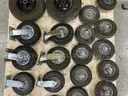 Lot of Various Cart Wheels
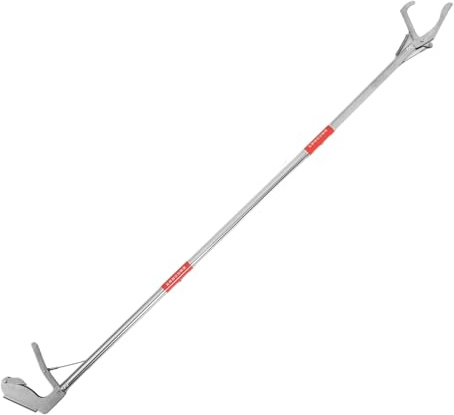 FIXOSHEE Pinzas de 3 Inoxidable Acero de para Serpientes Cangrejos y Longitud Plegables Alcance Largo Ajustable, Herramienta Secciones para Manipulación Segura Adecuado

★ ★ ★ ★

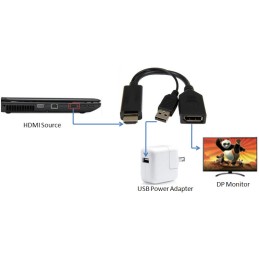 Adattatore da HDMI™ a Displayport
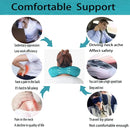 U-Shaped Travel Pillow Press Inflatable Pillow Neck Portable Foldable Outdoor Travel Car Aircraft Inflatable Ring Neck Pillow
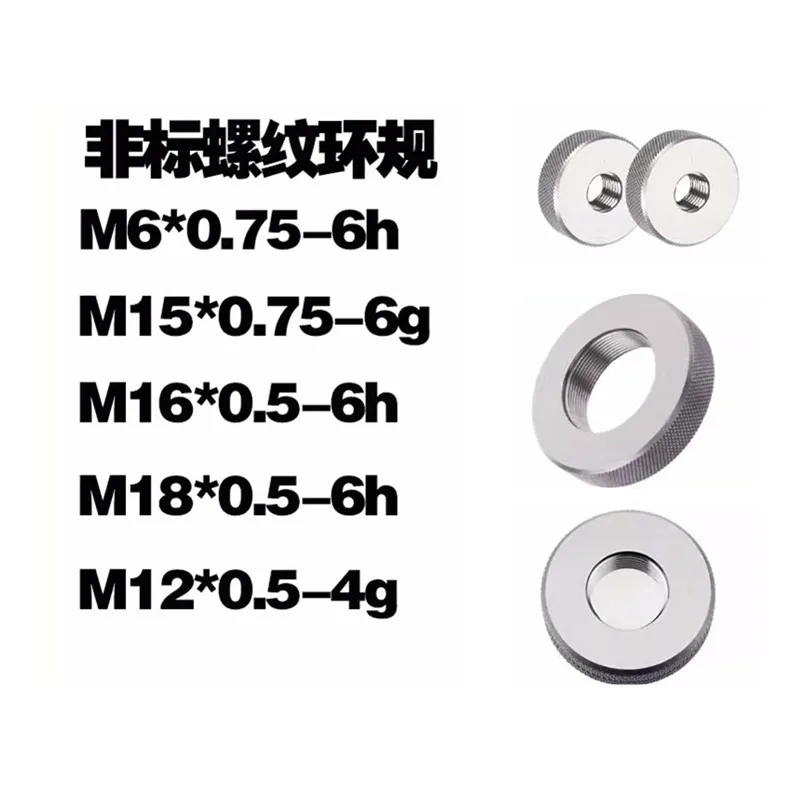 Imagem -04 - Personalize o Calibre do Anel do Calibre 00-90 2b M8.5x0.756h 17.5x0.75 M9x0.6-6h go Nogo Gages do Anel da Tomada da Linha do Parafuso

★ ★ ★ ★

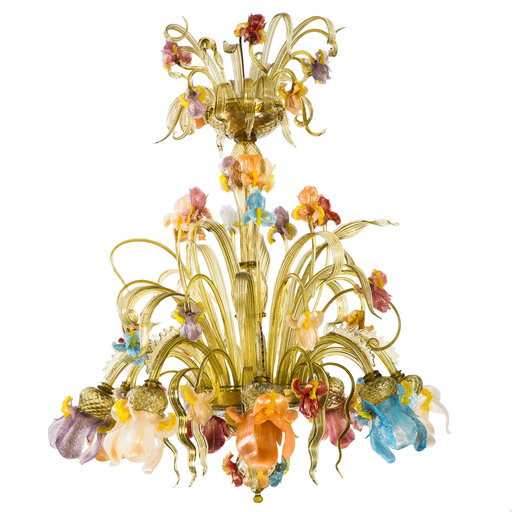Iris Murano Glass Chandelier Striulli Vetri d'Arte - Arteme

★ ★ ★ ★

• _What to produce_
Copy word for word the span of the records above that begins at the line with "Lot of Various Cart Wheels" and ends at the line with "FIXOSHEE Pinzas de", including those two lines but not the pictures.

• _Exercise solution_
 Lot of Various Cart Wheels
 FIXOSHEE Pinzas de 3 Inoxidable Acero de para Serpientes Cangrejos y Longitud Plegables Alcance Largo Ajustable, Herramienta Secciones para Manipulación Segura Adecuado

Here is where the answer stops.